Heavy Duty Polyester Expandable Mesh Sleeving 1-1/2" ID, 3/4" to 2" Bundle Dia, 3'L, Black # 9142K34 | $5.83 each

Standard Brass Compression Tube Fitting Adapter for 1/2" Tube OD X 1/4" NPTF Female Pipe # 50915K226 | $3.86 each

Standard Brass Compression Tube Fitting Long Nut for 1/2" Tube OD # 50915K106 | $2.36 each

Moisture-Resistant Acetal Push-to-Connect Adapter for 5/32" Tube OD X 1/4" NPTF Male Pipe # 51055K8 | $1.45each

Standard Brass Compression Tube Fitting Tube Support for 1/2" Tube OD # 50915K246 | $7.37 for a pack of 10

Low-Pressure Brass Threaded Pipe Fitting 3/8" Male X 1/4" Female Pipe Sz, Reducing Bushing # 4429K522 | $1.78 each

Brass Yor-Lok Tube Fitting Cap for Tubing, 3/4" Tube OD # 5272K146 | $8.70 each

Choose-A-Color Flexible Nylon 11 Tubing .106" ID, 5/32" OD, .025" Wall Thickness, Red #5635K62 | $0.21 per foot

For each muscle you want to assemble you need:
(1) Silicon tubing cut to length (ex. 12")
(1) Braided sleeving cut to length -1/2" ( ex. 11.5")
(2) Tube Supports (1 pack comes with 10)
(1) Tube Fitting Cap
(1) Tube Fitting Long Nut
(1) Reducing Brushing
(1) Brass Compression Tube Fitting Adapter

Average price per muscle: ~$30

Note: The Tube Fitting Long Nut replaces the Hex nut that the Compression Tube Fitting Adapter comes with.

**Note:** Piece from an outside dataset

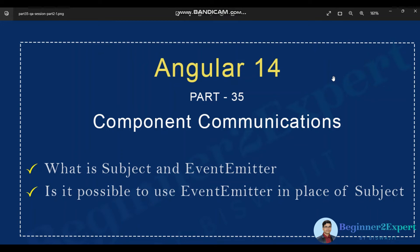Hello friends, this is part 35 of the Angular 14 series. In this session we'll discuss event emitter and subject — these two topics are basically all about component communications. Most of the time we get confused about whether to use subject or event emitter whenever we try to broadcast a message.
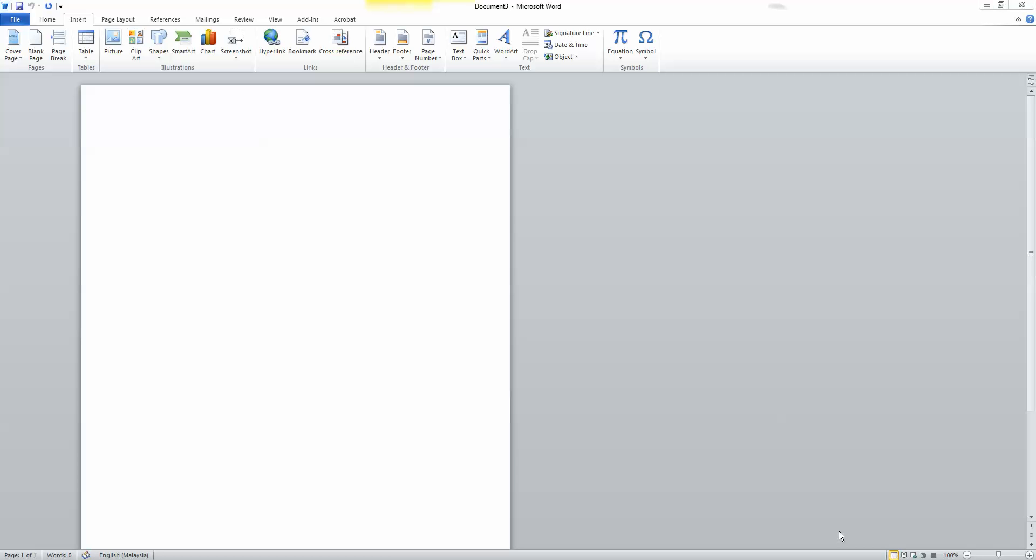Hello, today I'm going to show you how to make a storyboard on Microsoft Word.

Pneumatic power and control parts
Valves (mechanical or solenoid)
Pressurized air source ( air reservoir or air compressor)
For pneumatic controls, vexrobotics has a nice starter kit.

Step 1: Place Silicon Tube Into Braided Sleeve

Picture of Place Silicon Tube Into Braided Sleeve

Cut the silicon tube to your desired length.
Cut the braided sleeve to the same length minus 1/2 inch.
Burn the ends of the braided sleeve with a lighter to prevent it from fraying and to give it a lip in the compression sleeve assembly.
Shove the silicon tube into the braided sleeve.

Step 2: Place Tube Fitting Cap

Picture of Place Tube Fitting Cap

Slide the braided sleeve and tube through the hex nut
Place the tube support inside the silicon tube
Screw the hex nut into the fitting tightly

Step 3: The Other End

Picture of The Other End

Place the braided sleeve and silicon tube through the long nut
Place a tube support inside the silicon tube
Screw the tube fitting adapter into the long nut
Screw the reducing brushing into the adapter
Screw the push-to-connect adapter into the reducing brushing

Step 4: Pump Air Into the Muscle

Picture of Pump Air Into the Muscle

Place the 5/32" tubing into the push-to-connect adapter
Pump air in.


JonathanN67 (author)2017-02-10

The link for the kit has gone bad, do you have another site link you can post?

matthew585 (author)2016-04-18

i just got all the parts that you have listed and I got 3/8 X 1/2 rubber tubing but then I got the mesh sleeving witch was 1 and a half inch witch was 40mm and it looks pretty big can you help me out like is that the actual size

bowmaster (author)2010-04-20

Do you think a 25 CFM compressor is good enough for a full body suit if I want decent speed?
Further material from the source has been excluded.